A Divine 9
October 11, 2004
The alarm clock started buzzing at 5 a.m. last Tuesday. Way too early for anything, including golf. What on earth possessed me to agree to it I’ll never know.
It was the annual Divine 9 Tour which is sponsored by Carson City Convention & Visitors Bureau, the Carson Nugget, Pinion Plaza resort, Carson Valley Inn, Nevada Commission on Tourism, Carson Valley Chamber of Commerce and Bliss Mansion.
Golf writers, sports writers, TV sportscasters and travel writers from throughout Northern Nevada and California were invited to attend the event and extoll the virtues of playing golf in the Carson Valley in a unique way. Our host was the wise-cracking Phil Weidinger, who owns Weidinger Public Relations.
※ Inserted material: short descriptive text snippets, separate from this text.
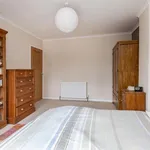 Rent 3 bedroom apartment in Yorkshire And The Humber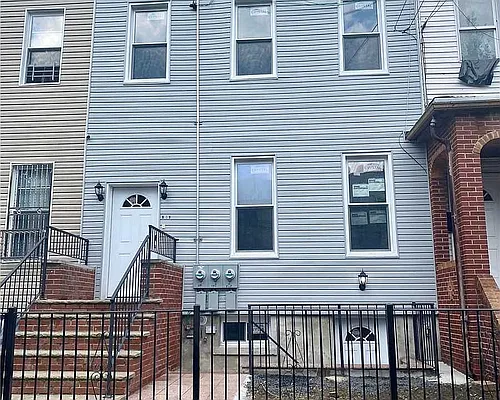 Rented by Redefined Real Estate | media 7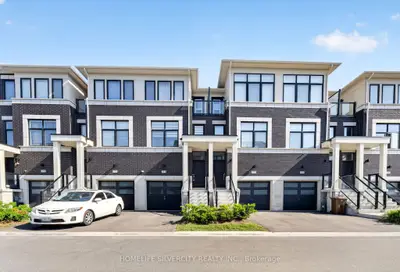 Att/Row/Townhouse in Oshawa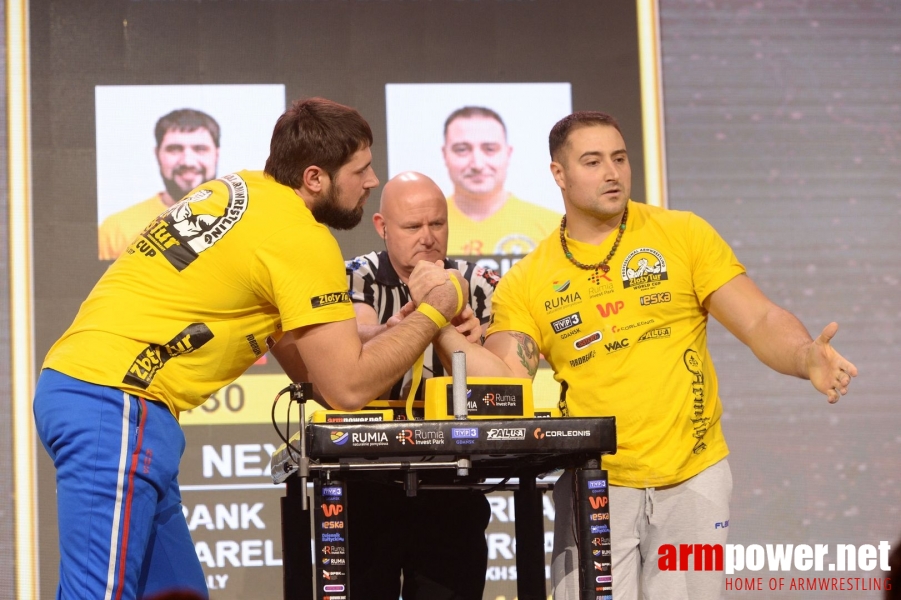 Zloty Tur 2017 - right hand finals # Armwrestling # Armpower.net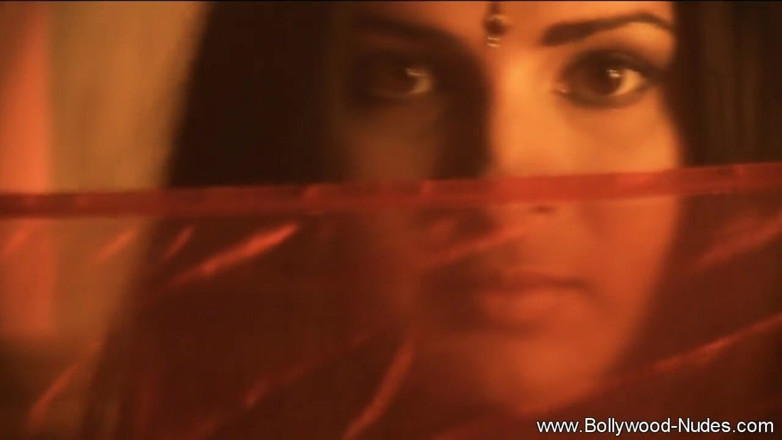 Bollywood Nudes: Мілфа з Індії знає, що вона красуня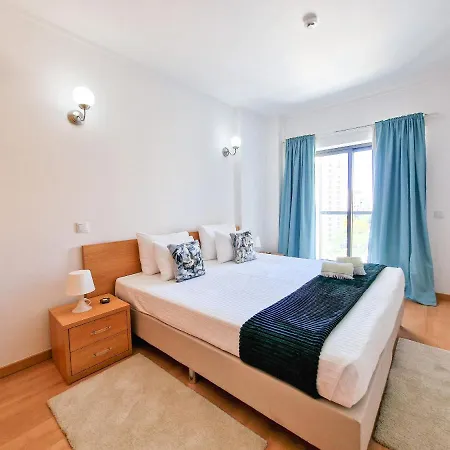 Rocha Tower Light * Портиман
The one-day event includes playing two holes at each of the nine courses in the Carson Valley – Carson Valley Golf Course, Dayton Valley Golf Club, Eagle Valley East and West, Empire Ranch Golf Course, Genoa Lakes Golf Club, Sierra Nevada Golf Ranch, Silver Oak Golf Club and Sunridge Golf Club.
With some trepidation, I made the drive over to the Carson Valley Inn to catch the bus that would transport the 14 players to and from each course. Thank goodness I wasn’t the only one shaking the cobwebs out as I boarded the small bus.
I did see some friendly faces from the previous year – Vic Williams of Fairways and Greens magazine, Garrett Dearborn from KTVN in Reno, Dean Leisgang from KNRV in Reno and Dennis Miller and Tim Hunt, both of whom I knew from my days in the Bay Area.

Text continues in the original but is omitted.